■ **EXERCISE REQUIREMENTS**
Here the job is to transcribe the data verbatim while leaving each picture out.

■ **DATA SEGMENT**
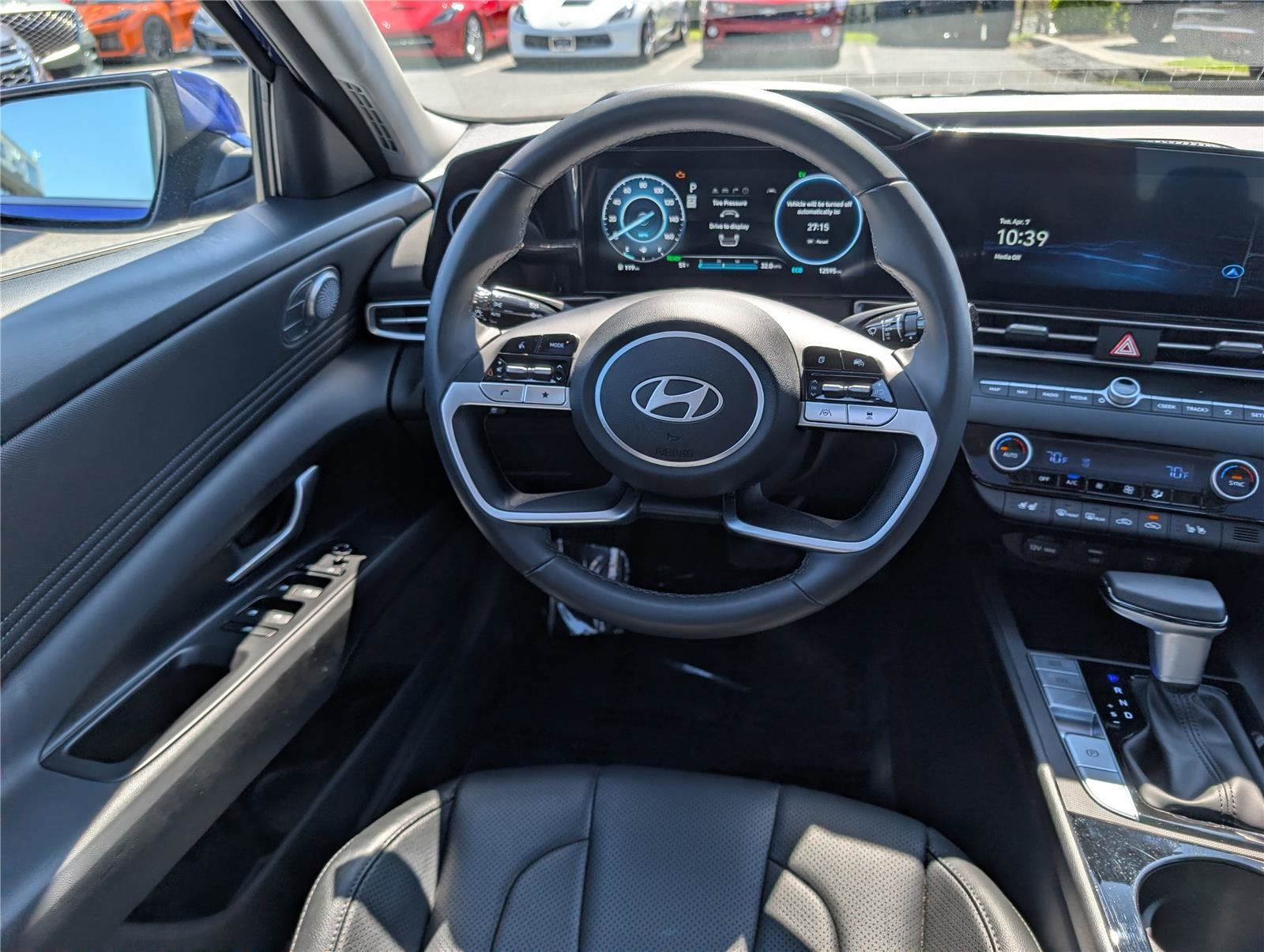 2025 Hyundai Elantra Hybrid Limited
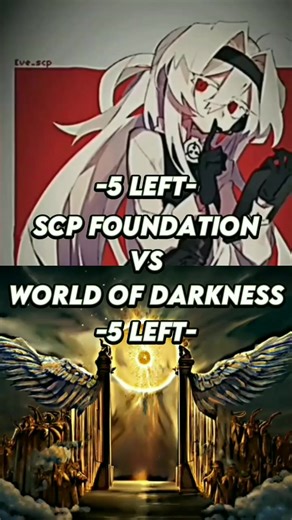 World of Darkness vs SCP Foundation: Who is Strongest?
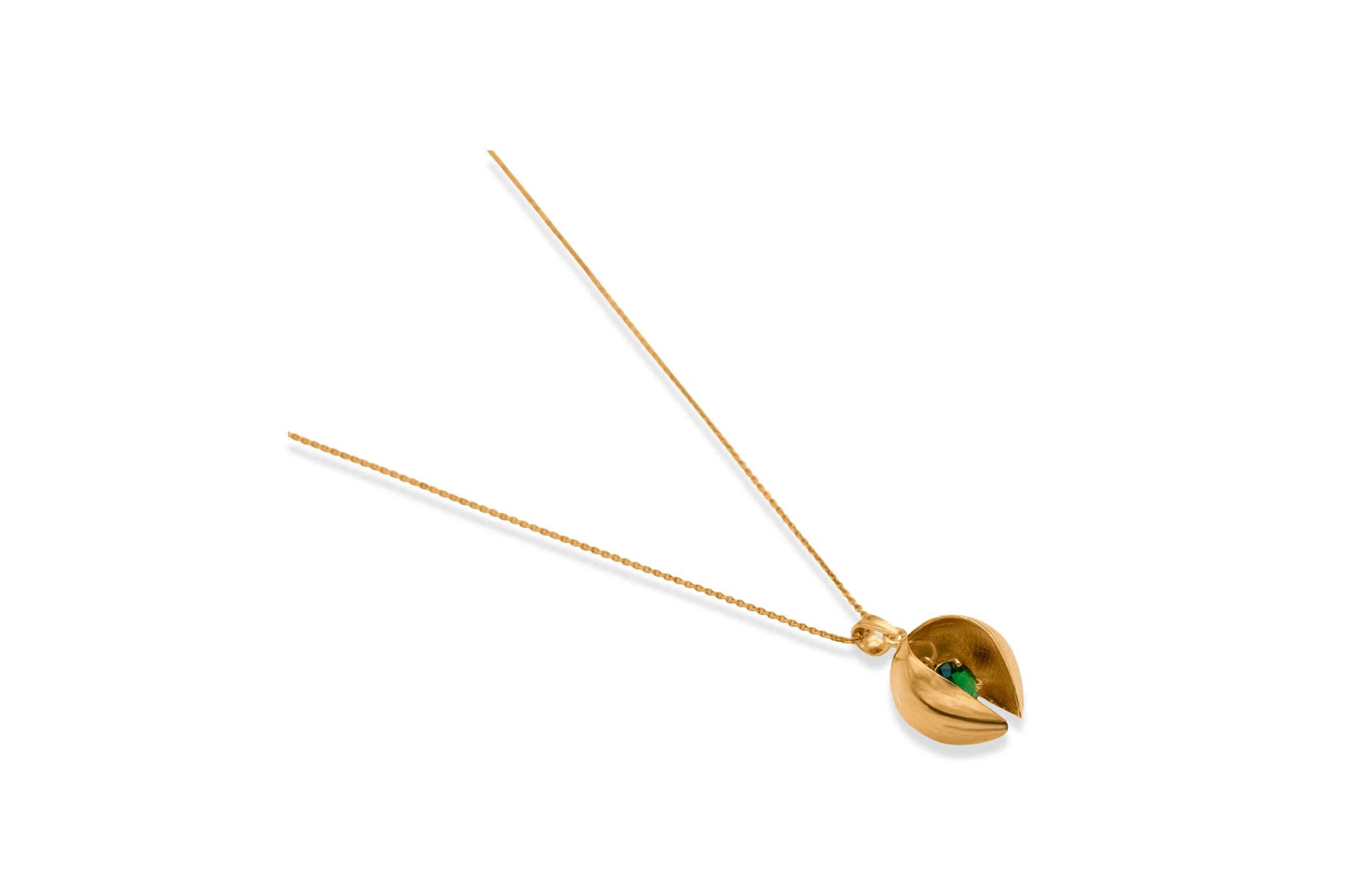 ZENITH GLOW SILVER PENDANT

■ **RESULT OF THIS TASK**
 2025 Hyundai Elantra Hybrid Limited
 World of Darkness vs SCP Foundation: Who is Strongest?
 ZENITH GLOW SILVER PENDANT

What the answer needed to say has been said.